JACKSON, MISS– Officials with Medicaid, Magnolia Healthcare, UnitedHealthcare, and the Mississippi State Medical Association met with the joint legislative Medicaid committees to discuss what Medicaid called a shortfall of $75 million in their budget.
Mississippi Division of Medicaid Executive Director Dr. David Dzielak said the requested deficit would have reached $78 million, but enrollment in Medicaid across the state had declined in the last two years.
This brought Senate Medicaid Chairman Brice Wiggins to question why the additional funds were needed if there was a decrease in enrollment.
“I realize this is not an appropriations committee.” Wiggins said. “You’re requesting a $75 million dollar deficit, but you’ve requested a budget over a billion dollars.. but enrollment is going down.”
Dr. Dzielak explained that the drop in enrollment was factored into the request.
“We requested 1.008 billion..in September, all state agencies were cut four percent,” Dr. Dzielak said. “That equaled a 78 (million) deficit.. but since enrollment went down, we’re asking for 3 million less.”
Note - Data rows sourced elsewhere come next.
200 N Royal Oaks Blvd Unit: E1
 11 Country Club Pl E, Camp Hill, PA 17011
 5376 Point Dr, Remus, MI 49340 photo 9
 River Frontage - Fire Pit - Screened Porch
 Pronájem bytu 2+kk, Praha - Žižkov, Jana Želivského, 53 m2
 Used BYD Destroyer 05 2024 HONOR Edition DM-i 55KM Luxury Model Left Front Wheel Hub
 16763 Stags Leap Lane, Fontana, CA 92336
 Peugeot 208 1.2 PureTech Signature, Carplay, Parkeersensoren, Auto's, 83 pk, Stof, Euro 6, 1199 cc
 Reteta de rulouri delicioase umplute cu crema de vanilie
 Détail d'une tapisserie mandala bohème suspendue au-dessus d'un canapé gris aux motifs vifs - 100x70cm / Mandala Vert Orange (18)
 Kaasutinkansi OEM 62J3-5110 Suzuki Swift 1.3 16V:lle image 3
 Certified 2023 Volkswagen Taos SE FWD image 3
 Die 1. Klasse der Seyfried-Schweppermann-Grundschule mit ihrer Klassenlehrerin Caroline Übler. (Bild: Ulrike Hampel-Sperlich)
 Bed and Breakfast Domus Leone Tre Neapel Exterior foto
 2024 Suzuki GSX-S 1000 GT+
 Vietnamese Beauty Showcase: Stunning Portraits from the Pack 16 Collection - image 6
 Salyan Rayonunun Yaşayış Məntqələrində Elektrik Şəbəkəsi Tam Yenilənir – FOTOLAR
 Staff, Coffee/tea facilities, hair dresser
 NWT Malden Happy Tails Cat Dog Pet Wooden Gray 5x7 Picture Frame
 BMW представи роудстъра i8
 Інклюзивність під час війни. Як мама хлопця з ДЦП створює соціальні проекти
Dr. Dzielak added that not each beneficiary has the same costs.
“There’s not a one-to-one correlation in losing members and cost savings.”
Budget woes have been increased with the spread of the modern-day epidemic, opioid addiction.
“One way Hepatitis C is contracted is through sharing needles,” said Dr. Dzielak, “but we can’t control patient behavior.”
The rising costs of medical care have further increased the financial pinch felt by Medicaid.
“The consumer price index is 2.9 percent. The medical inflation cost is about two times the consumer price index,” said Dr. Dzielak. “Currently, inflation rate is 4%, but Medicaid is only asking for a 2% increase.”
While there are optional services, right now Medicaid is operating as they are required to do.
“We’re running the program exactly how it is outlined in state law,” Dzielak. “We’re doing exactly as you tell us to do.”
One of the optional services of Medicaid is the pharmacy service. It is not mandatory. If there is a financial emergency declared by the Governor, Medicaid can cut all optional services.
Over four years, Medicaid has had a budget deficit each year, ranging from $50-$100 million.
“The deficit isn’t from overspending,” said Dr. Dzielak. “It’s from not getting the funds we requested.”
On the political scale, Dr. Dzielak said the repeal of the Affordable Care Act would be costly for Medicaid. They would have to pay an additional 17 percent for Mississippi children on CHIP.
Medicaid asking for $75 million to close out 2017, but the original budget was short $65 million, then a $15 million mid-year cut.